Our advice to Swift would be to stick with her music career. If "Only the Young" is her political anthem, we wondered which of her songs and lyrics already fit the two dozen current or former Democratic candidates seeking the 2020 presidential nomination. Here's our take:

* "You Belong With Me": Here, Swift could be speaking to voters as if she were lifetime politician Joe Biden wooing voters who have known him as senator, vice president or candidate for president for years. "If you can see I'm the one who understands you," her lyrics say, "been here all along, so why can't you see you belong with me."

* "You Need To Calm Down": Swift's subtle message to Sen. Bernie Sanders, I-Vermont, would include the lyrics "You need to calm down, you're being too loud. And I'm just like oh-oh, oh-oh, oh-oh (oh). You just need to stop. You need to calm down. Why are you so mad? You just need to take several seats and then try to restore the peace, and control your urges to scream about all the people you hate."

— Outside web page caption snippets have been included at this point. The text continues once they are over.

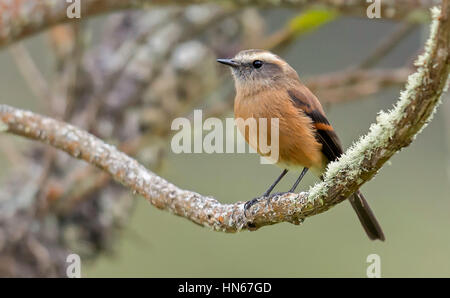 Marrone-backed Chat-Tyrant (Ochthoeca fumicolor), PNN Los Nevados, Santa Rosa de Cabal, Risaralda Foto Stock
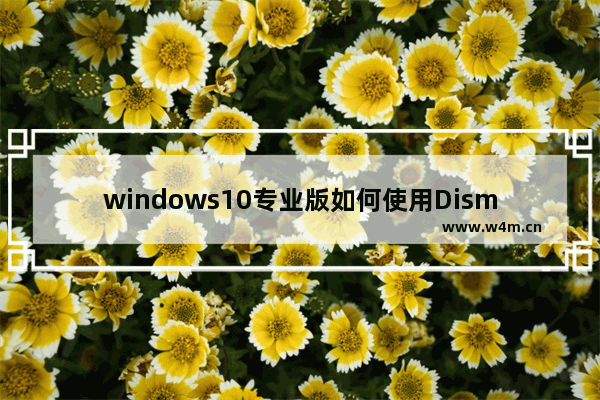 windows10专业版如何使用Dism命令行来修复受损文件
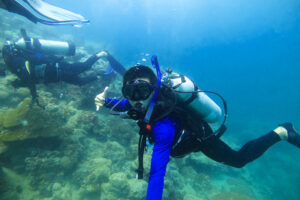Pesona Bawah Laut Pulau Lemukutan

* "Shake It Off": Here, she could pay tribute to Sen. Elizabeth Warren of Massachusetts, who has survived her lies about being a Native American, her false story of growing up poor and obfuscations about what her policies would do to remain a player in the race. "Cause the players gonna play, play, play, play, play," Swift writes. "And the haters gonna hate, hate, hate, hate, hate. Baby, I'm just gonna shake, shake, shake, shake, shake. I shake it off, I shake it off."

* "Blank Space": Swift could evoke former New York City Mayor Michael Bloomberg and Farallon Capital Management founder Tom Steyer with their late entries in the race and their strategies to buy their way to the top. "So it's gonna be forever," she writes, "or it's gonna go down in flames. You can tell me when it's over if the high was worth the pain."

* "Death By A Thousand Cuts": Here, she would describe the party faithful's flirtation with former U.S. Rep. Beto O'Rourke, who famously told Vanity Fair, "Man, I'm just born to be in [the race]." O'Rourke withdrew from the race in November, but Swift pines, "I see you everywhere, the only thing we share is this small town. You said it was a great love, one for the ages. But if the story's over, why am I still writing pages? 'Cause saying goodbye is death by a thousand cuts."

* "Cruel Summer": She could redirect her words to express sympathy for New York Sen. Kirsten Gillibrand, who had the misfortune to enter the race with fanfare only to be quickly dashed on the rocks and withdraw in August 2019 because in a campaign there are "no rules in a breakable heaven, but ooh, whoa, oh, it's a cruel summer."

* "Back To December": Here, Swift might turn her thoughts to California Sen. Kamala Harris, whose early debate success elevated her into the top pantheon of candidates but whose support fell just as quickly. "Wishing I'd realized what I had when you were mine," she could write about Harris, who withdrew from the race last month, "I'd go back to December, turn around and make it all right. I go back to December all the time."

* "I Forgot That You Existed": With her lyrics "I forgot that you existed. It isn't love, it isn't hate, it's just indifference," she could deliver a message to current nonentities in the race such as U.S. Sen. Michael Bennet of Colorado, former U.S. Rep. John Delaney of Maryland, U.S. Rep. Tulsi Gabbard of Hawaii, former Massachusetts Gov. Deval Patrick and author/entrepreneur Andrew Yang.

* "Wildest Dreams": Swift delivers a paean — "Say you'll remember me in your wildest dreams" to withdrawn candidates such as U.S. Sen. Cory Booker of New Jersey, U.S. Rep. Eric Swalwell of California, former U.S. Rep. Joe Sestak of Pennsylvania, U.S. Rep. Tim Ryan of Ohio, U.S. Rep. Seth Moulton of Massachusetts, former Colorado Gov. John Hickenlooper, Washington Gov. Jay Inslee, Montana Gov. Steve Bullock, former Secretary of Housing and Urban Development Julián Castro, New York City Mayor Bill de Blasio, former U.S. Sen. Mike Gravel and author/spiritual adviser Marianne Williamson.